I came acrosse a little gadget after christmas while i was looking for goodies for the good ole Nissan.. I have a 93, no big body problems but i worry about rust. Being in OHIO and havign the winters that we do (although my car is hibernating until the snow goes away) I want to keep my paint looking fresh and not have to drive around with humilating rust. I found somthing called the "Rust Terminator" it claims to send an electric pulse through the car and deters and retards the formation of oxidation (and yes i rhyme like jesse jackson) For a price of about 200 bucks it didnt seem to bad, and 200 bucks is alot cheaper than having to repaint and fix a bunch of rust down the road, Will post results when its installed. If you need information on the "Rust Terminator" feel free to IM me at : * XsjadoTwin11* on AIM. "Rust Terminator" (so much fun to say)


----------



## Harris (Nov 11, 2002)

I've personally never heard of it. Sounds like crap to me though. I don't see how electrical impulses have anything to do with oxidation of metal in the presence of moisture. 
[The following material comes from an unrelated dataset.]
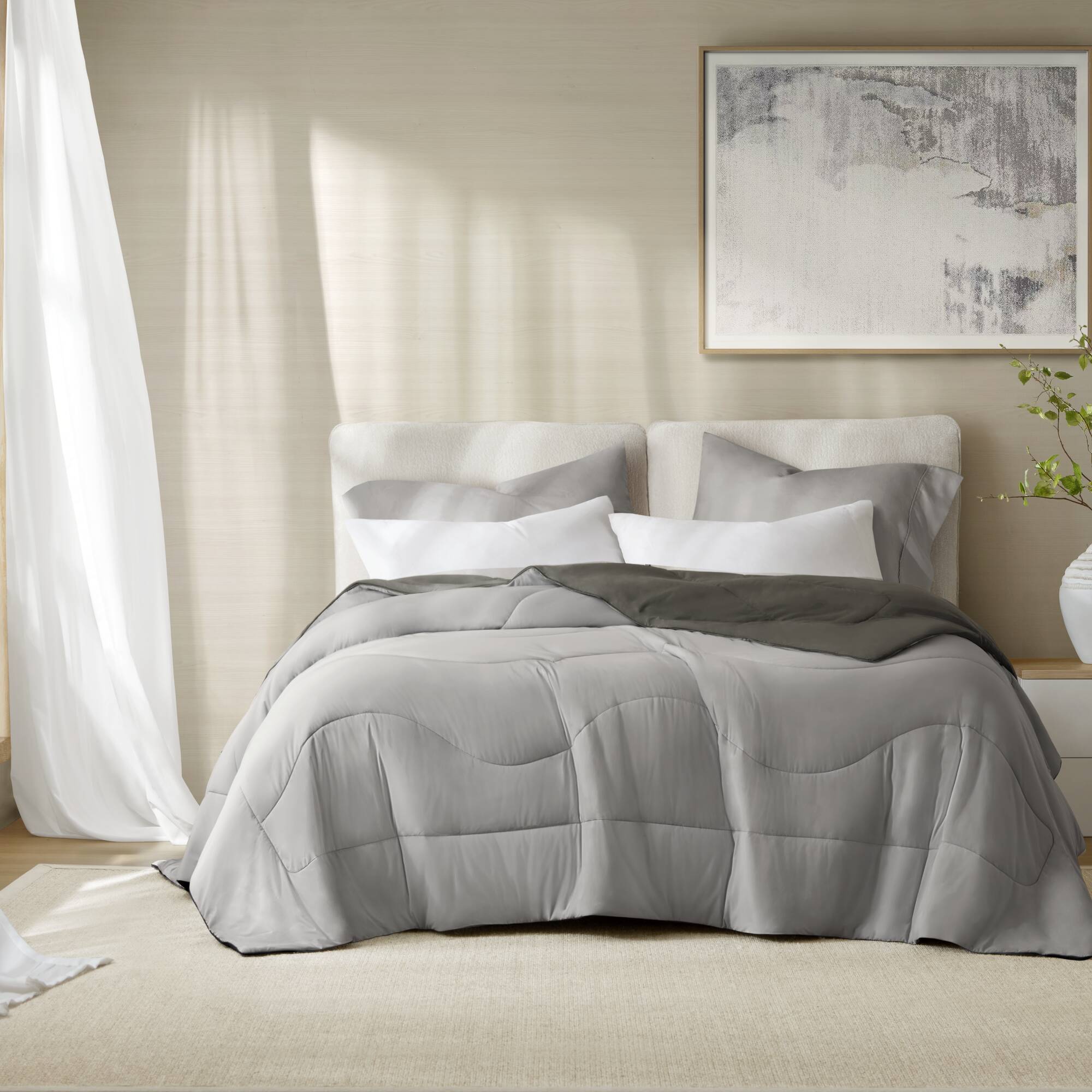 Full/Queen Reversible Tencel Comforter Blanket - Gray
Retarding and deterring rust formation are two different things, by the way. Find out which one it is. And get some facts from them and post it here. I want to call BS on this particular product's claims, but I'd first like to see what they have to say about it.


PS, damn man, you've been bringing old threads back like no tomorrow! Maybe its because you're new. Chill out buddy.


----------



## cronkbogey (May 25, 2003)

While I don't know about the "rust terminator" specifically, I do know of products like it. The products that I have read about send a current through the car and oxidation occurs on a piece of metal included with the kit. I've read of similar devices that are installed on metal light poles that keep them rust free. You might have noticed a small wire leading from public light posts leading into the ground. According to an old science book of mine, these wires lead to a piece of metal to be oxidized in place of the light post.

In your case, it seems that you take very nice care of your vehicle. With some undercoating, your usual wax job, and storage during the winter months, it doesn't seem to me that you would have to worry much about rust even without the "rust terminator".


----------